DESCRIPTION OF THE TASK:
Where a picture occurs in the data, omit it, and copy all remaining data exactly.

Short text fragments from websites:
_ _ _ _ _

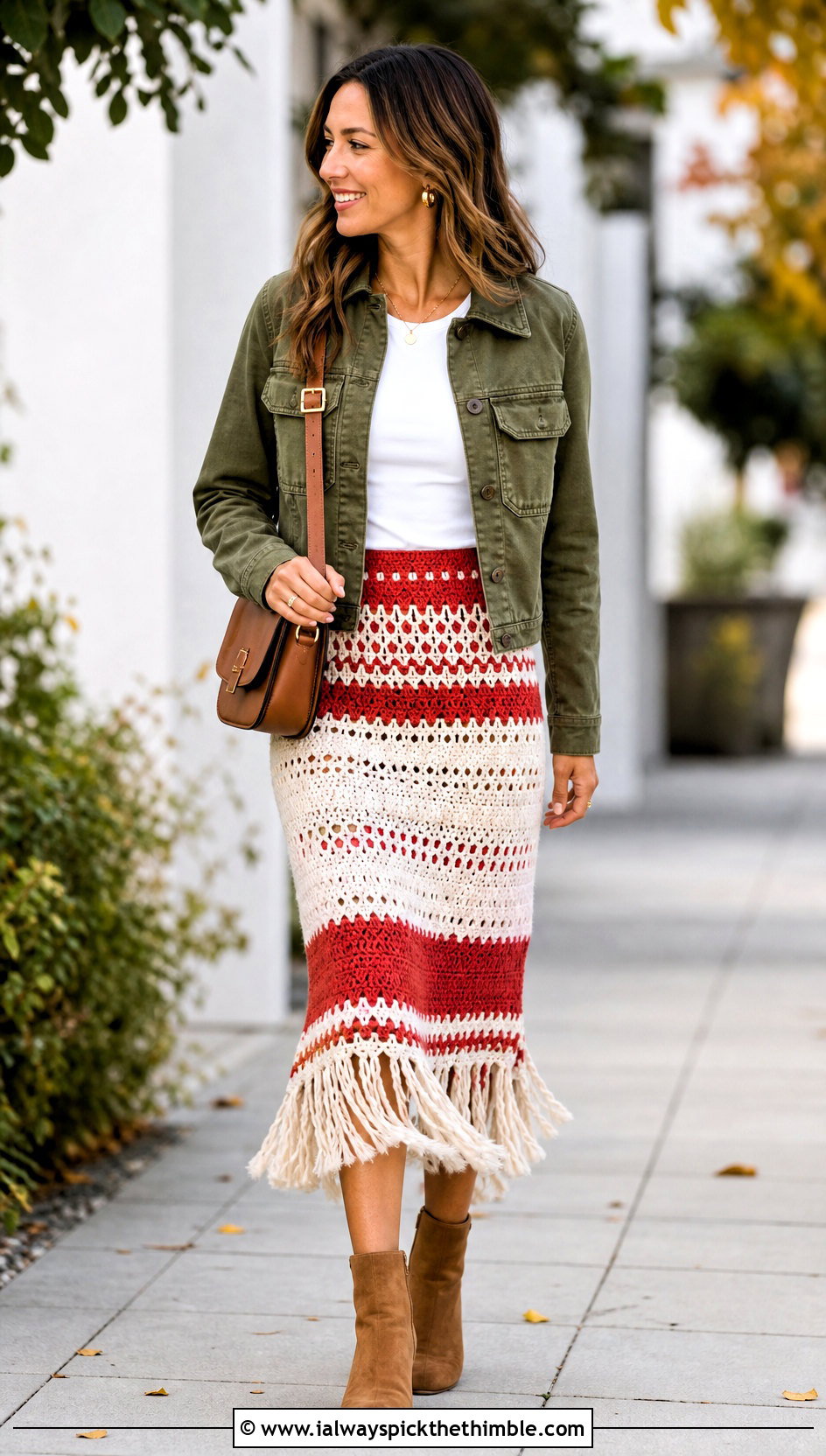 Red And White Fringe Hem Crochet Midi Skirt With Utility Jacket - 20 red and white crochet skirt outfit ideas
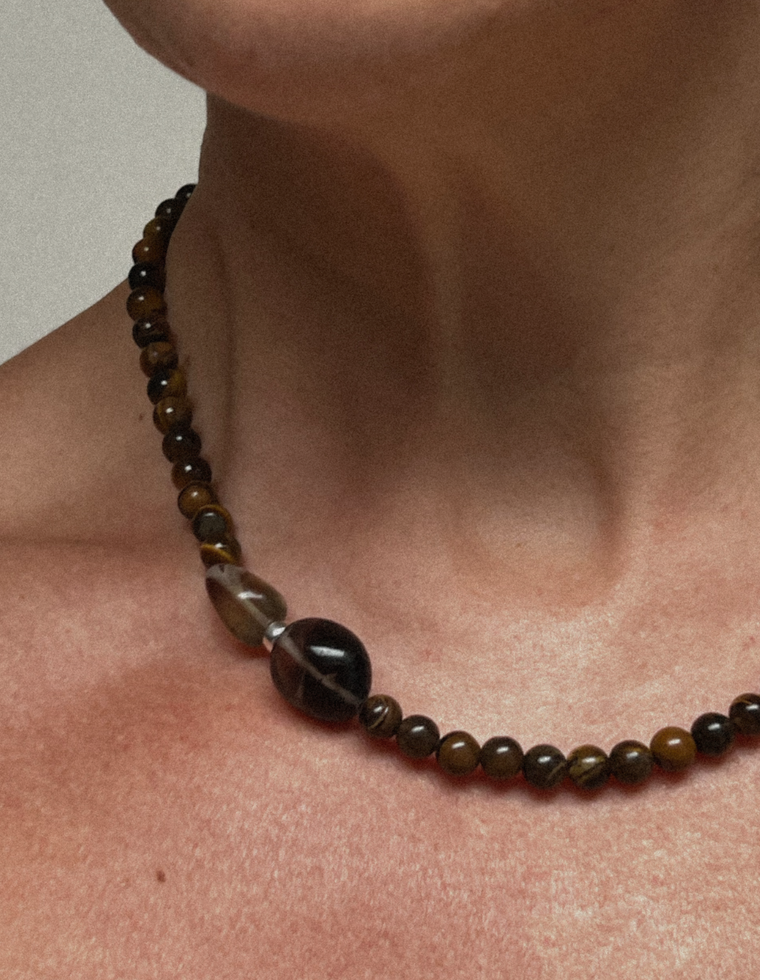 Drelan - Tiger Eye & Smoky Quartz Necklace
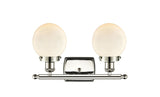 916-2W-PN-G201-6 2-Light 16" Polished Nickel Bath Vanity Light - Matte White Cased Beacon Glass - LED Bulb - Dimmensions: 16 x 7.5 x 11 - Glass Up or Down: Yes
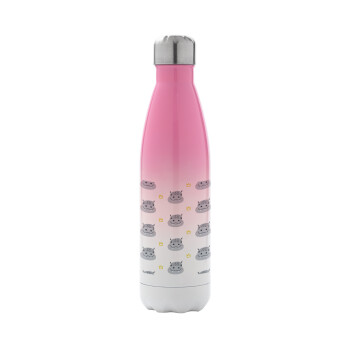 Hippo, Metal mug thermos Pink/White (Stainless steel), double wall, 500ml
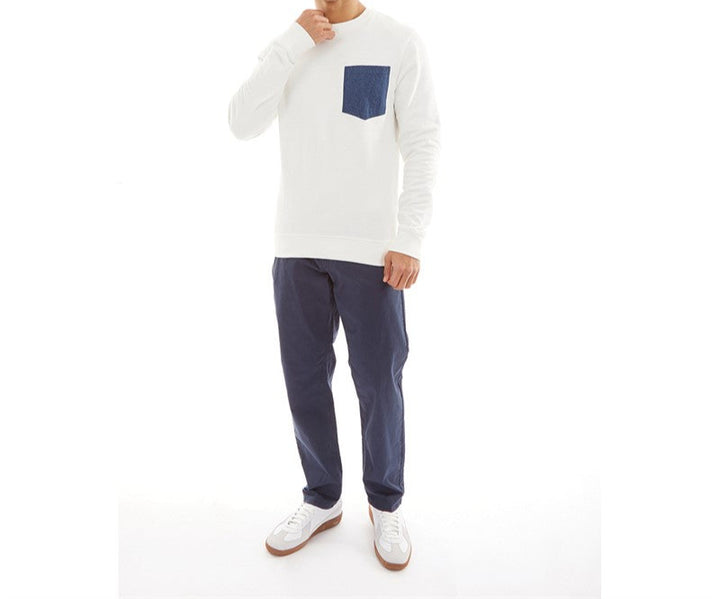 Men's 100% Cotton Denim Pocket Sweatshirt with Fringes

_ _ _ _ _

ANSWER SECTION:
 Red And White Fringe Hem Crochet Midi Skirt With Utility Jacket - 20 red and white crochet skirt outfit ideas
 Drelan - Tiger Eye & Smoky Quartz Necklace
 916-2W-PN-G201-6 2-Light 16" Polished Nickel Bath Vanity Light - Matte White Cased Beacon Glass - LED Bulb - Dimmensions: 16 x 7.5 x 11 - Glass Up or Down: Yes
 Hippo, Metal mug thermos Pink/White (Stainless steel), double wall, 500ml
 Men's 100% Cotton Denim Pocket Sweatshirt with Fringes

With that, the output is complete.